Oxford University to sue Brazil for proving its prediction wrong
People used to have more faith in Oxford University's research than they had in themselves.
That was until the quarterfinals phase of the Qatar World Cup, where Oxford University's prediction about who would win the World Cup went horribly wrong, leaving billions of people in utmost disappointment, mostly Brazil supporters.
Brazil were dreaming of winning their sixth trophy, popularly or maybe mockingly know as Hexa Mission, since the 2002 World Cup, when they won their fifth. Brazil's dream found wings after the Oxford University Mathematical Team published their World Cup prediction, saying Brazil would win.
Like in many previous tournaments, everything was going smoothly until Brazil were knocked out by Croatia, the shock that even Oxford couldn't predict, nor absorb.
People started to bash Oxford's prediction and its "legendary" mathematical team, for their outrageous forecasting. The backlash has led to Oxford suing Brazil for proving their watertight, flawless calculations wrong.
"Oxford should stop sticking its nose into everything.

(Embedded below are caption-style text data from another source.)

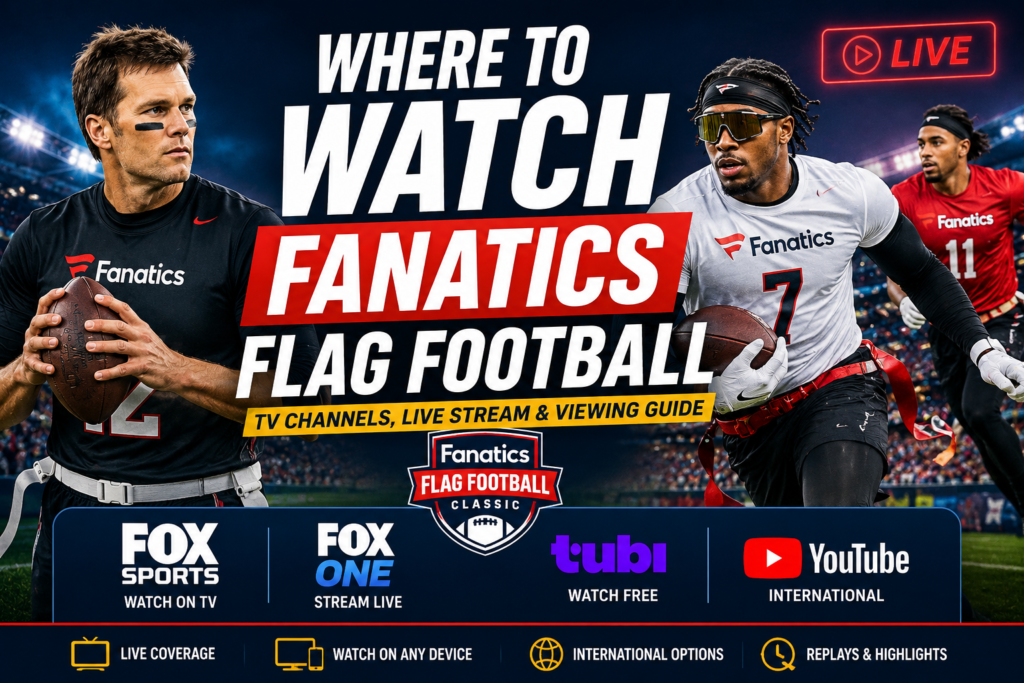 Where to Watch Fanatics Flag Football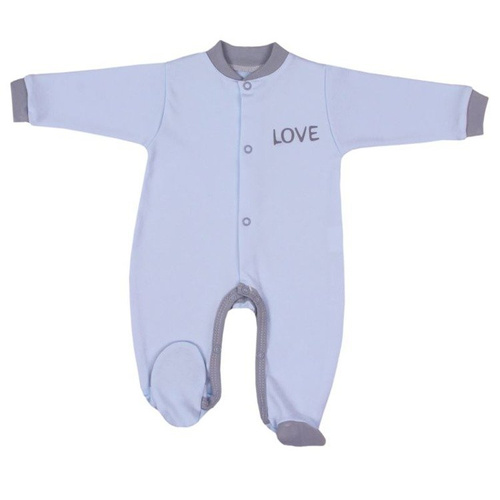 Pajac bawełniany "LOVE" Terjan - żółty 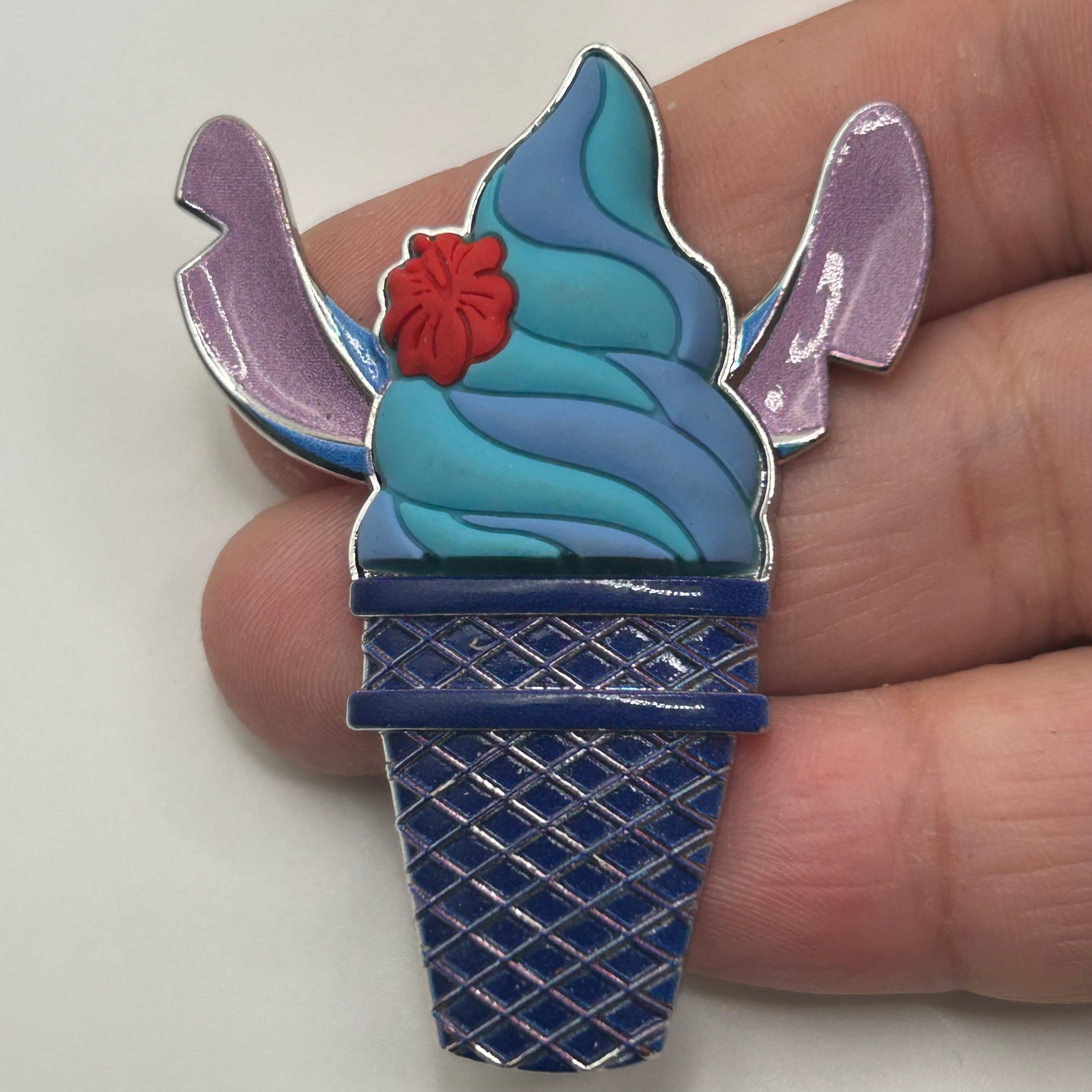 3d - Stitch - Ice Cream Cone - Disney Pin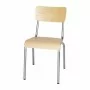 BOLERO - Chaises avec assise et dossier en bois Cantina galvanisées (lot de 4)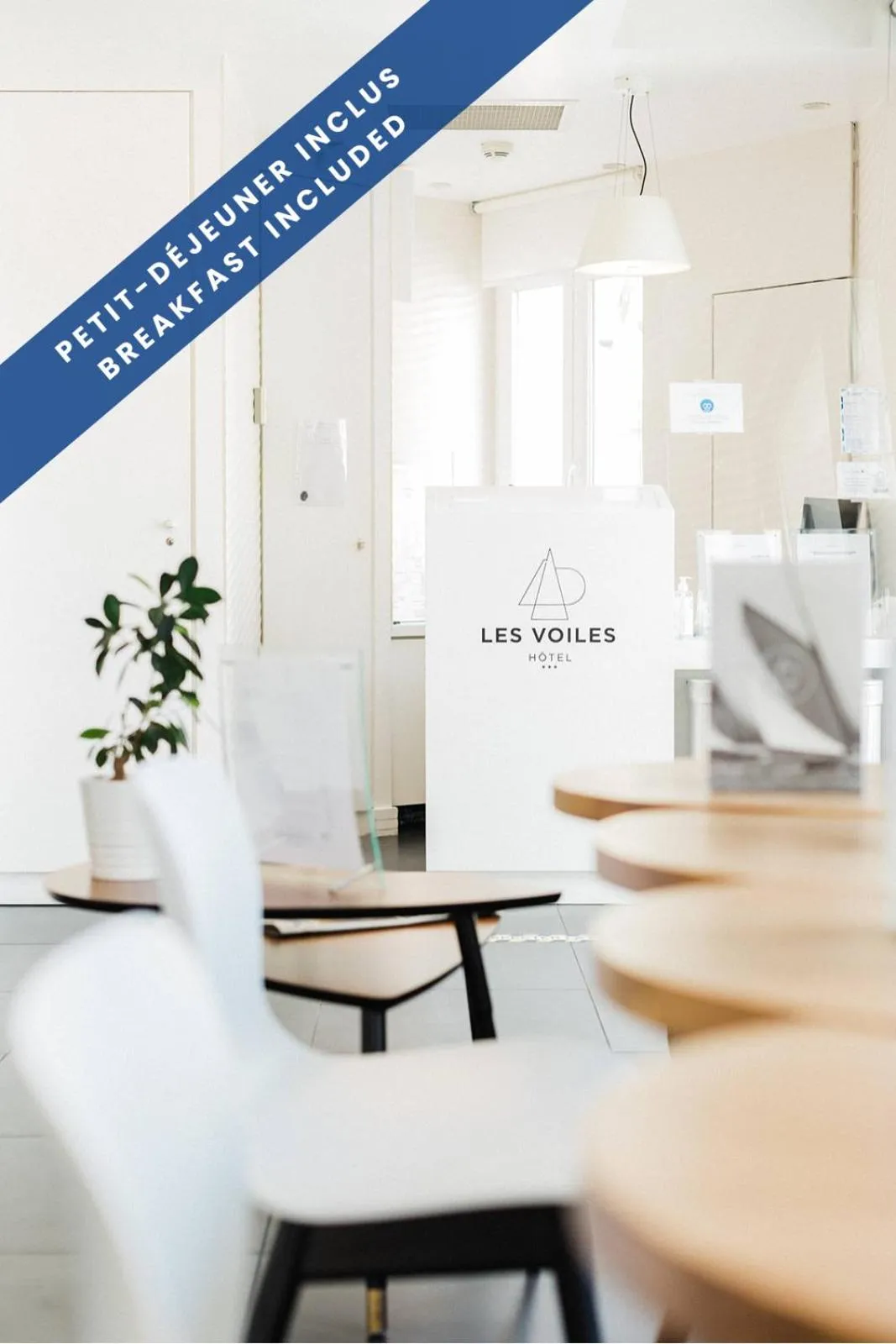 Communal lounge/ TV room in Hôtel Les Voiles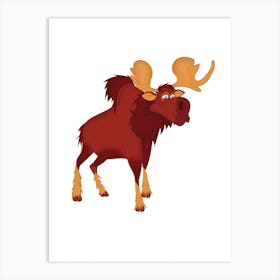 Cartoon Moose Art Print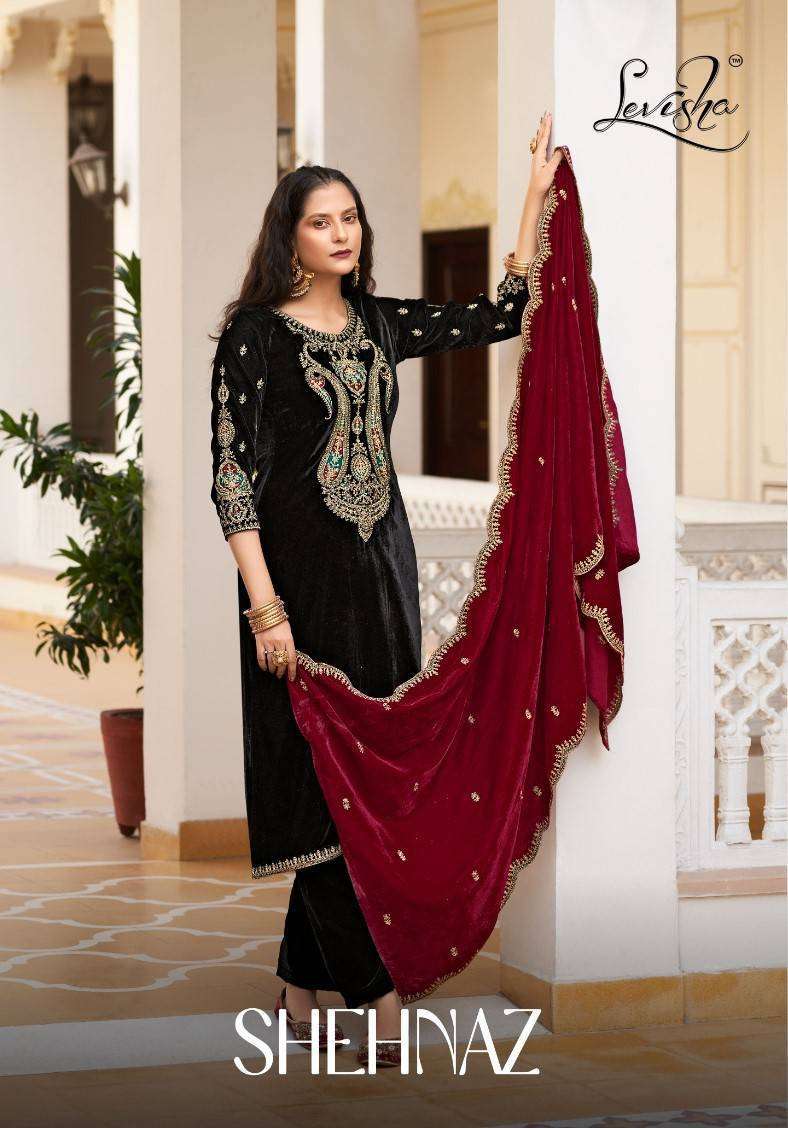 Maroon Winter Cord Set in Velvet with Zari Embroidery on Sleeves cuff –  www.soosi.co.in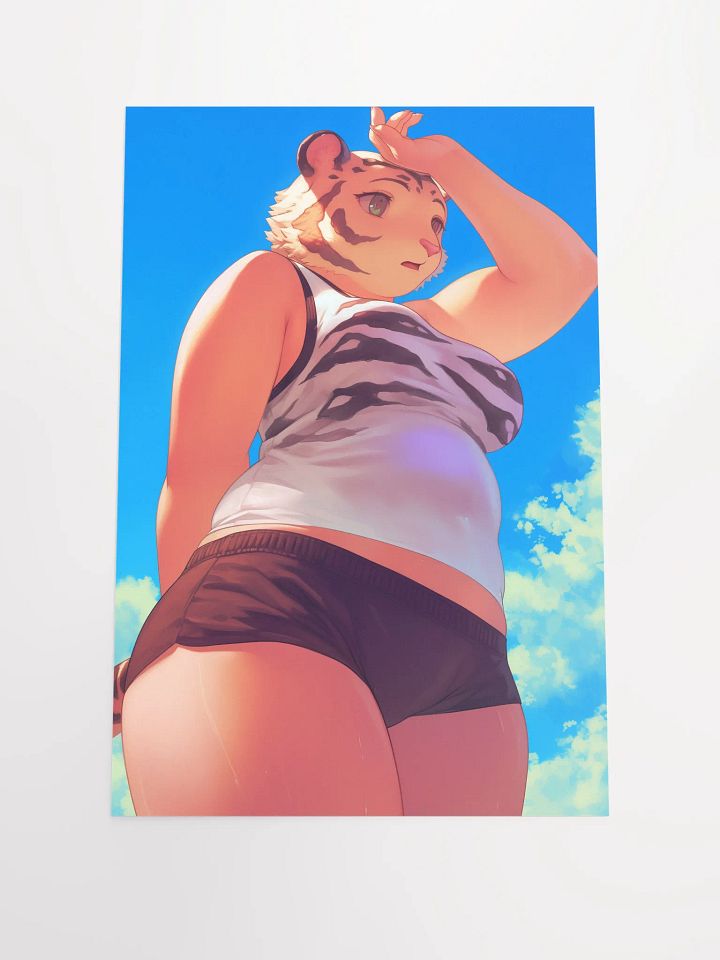 Tiger Fury Matte Poster product image (1)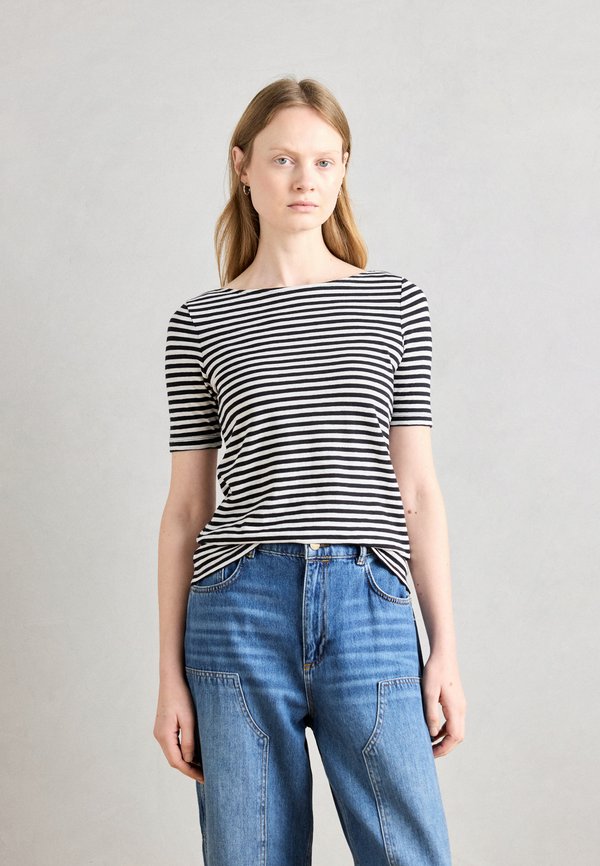 Marc O'Polo SHORT SLEEVE BOAT NECK STRIPED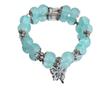 Mariposa Azul Lago~Pulsera de Mariposa Dulce y Delicada con Mariposa de Vidrio Floral Azul Lago, Joyería Estética de Alto Valor para Mujeres y Mejores Amigas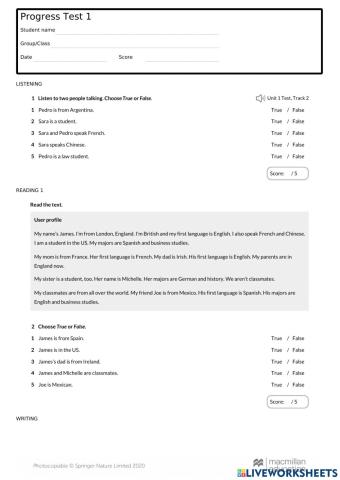Progress test 1 - EC1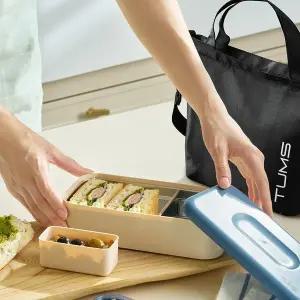 [텀스] 컬러샌드 스텐 런치박스 도시락통+도시락가방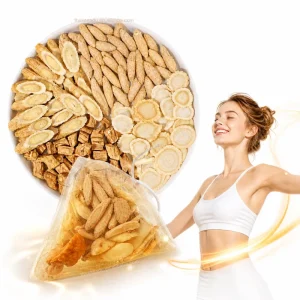 Female Vitality Tea Astragalus Codonopsis Ophiopogon Ginseng Root Wellness Herbs Blend Nourish Qi Blood 5g OEM Accepted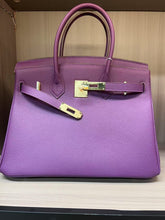 Load image into Gallery viewer, London 30 Large Size Birkin Style Top Handle Bag - Real Leather Version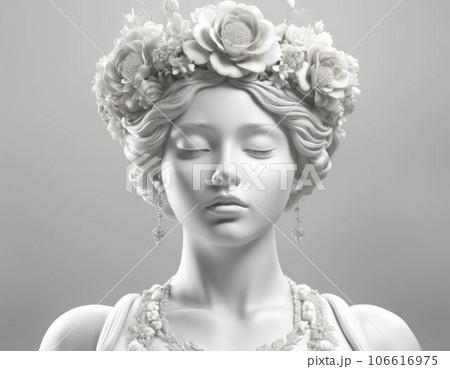 Portrait image of a woman. Portrait image of a woman. 106616975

They should just stick to education and leave other things for others," said Tausif, a Bangladeshi Belgium fan whose dream of at least playing the final, according to Oxford's prediction, was shattered.
"I was planning to send my offspring to Oxford for higher education, but after seeing their mathematical team's capabilities, I decided to send them somewhere else," said Hisham, a Bangladeshi father, who has been supporting Brazil for decades.
Meanwhile, fans of Argentina, Germany and France were left fuming after the prediction went viral.
"We won four World Cups but they didn't even keep us in the semifinals!" Raka, a Germany supporter from Dhaka, said.
"We won two world cups, including the hand one, and are in a mission to make it three, but they didn't even let us play the final. How come?" Abu Helal, an Argentina fan, asked furiously.
"How they could rule out the current champions, that should be another research topic for them," said Tanim, an Mbappe-loving France fanatic.
An Oxford University official, on condition of anonymity, said, "We are going to sue Brazil for proving our prediction wrong and making our mathematical team a laughing stock. They deserved this World Cup, we gave them this World Cup, but they refused to take it. How could they do that? They have to pay a price now."